TASK DETAILS:
Make an exact copy of the data below, leaving out every picture.

EXERCISE DATA:
════
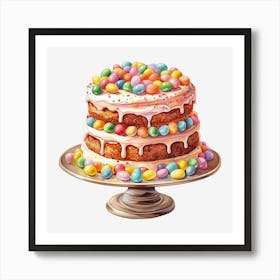 Easter Cake 2 Art Print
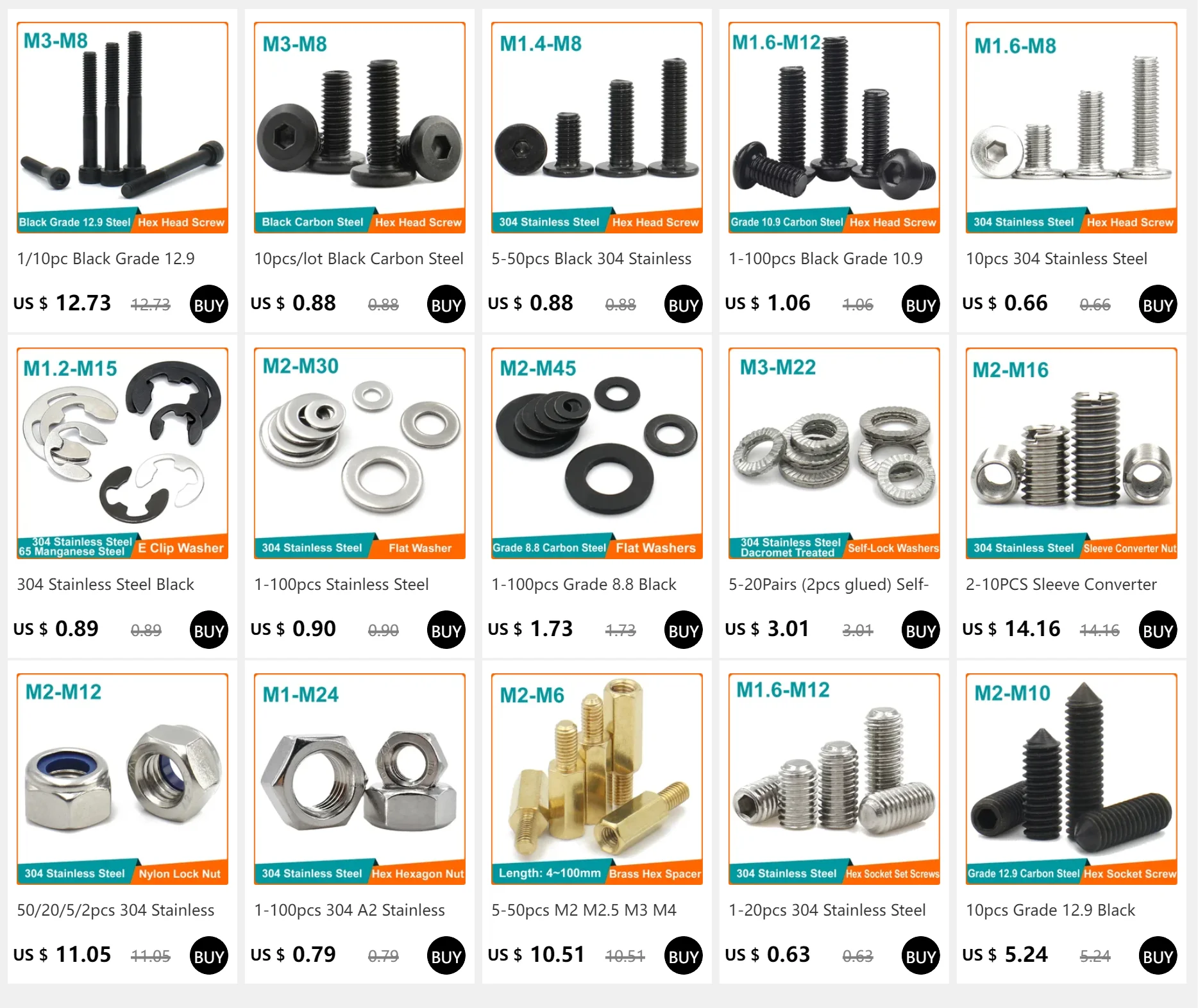 1–100 Stück, Güteklasse 8,8, schwarzer Kohlenstoffstahl, M2, M2,5, M3, M4, M5, M6, M8, M10, M12, M14, M16-M45, DIN125, flache Unterlegscheibe, einfache Dichtung – Detail 5
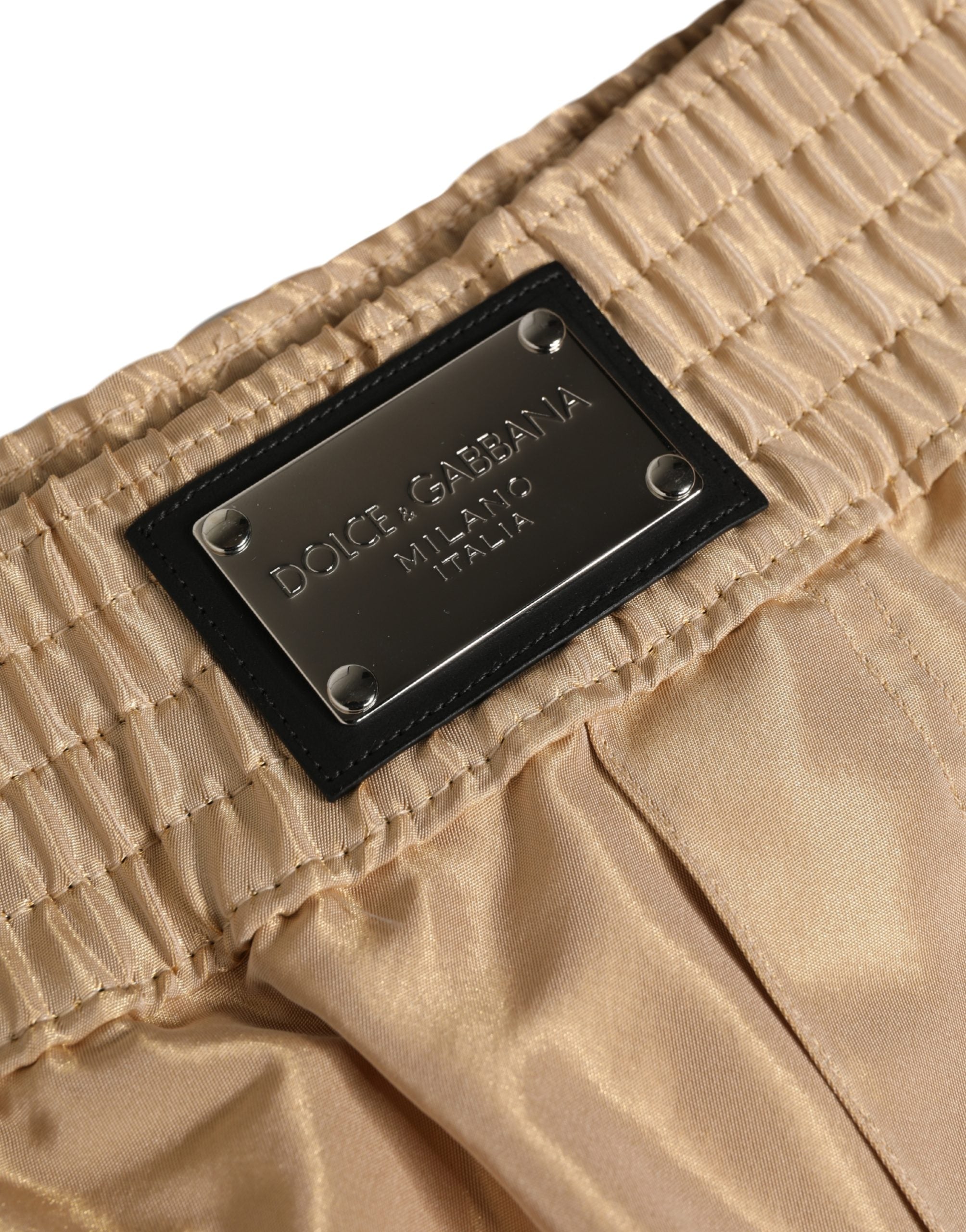 Dolce & Gabbana Beige Polyester Men Boxer Shorts Men's Underwear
════
ANSWER BELOW:
 Easter Cake 2 Art Print
 1–100 Stück, Güteklasse 8,8, schwarzer Kohlenstoffstahl, M2, M2,5, M3, M4, M5, M6, M8, M10, M12, M14, M16-M45, DIN125, flache Unterlegscheibe, einfache Dichtung – Detail 5
 Dolce & Gabbana Beige Polyester Men Boxer Shorts Men's Underwear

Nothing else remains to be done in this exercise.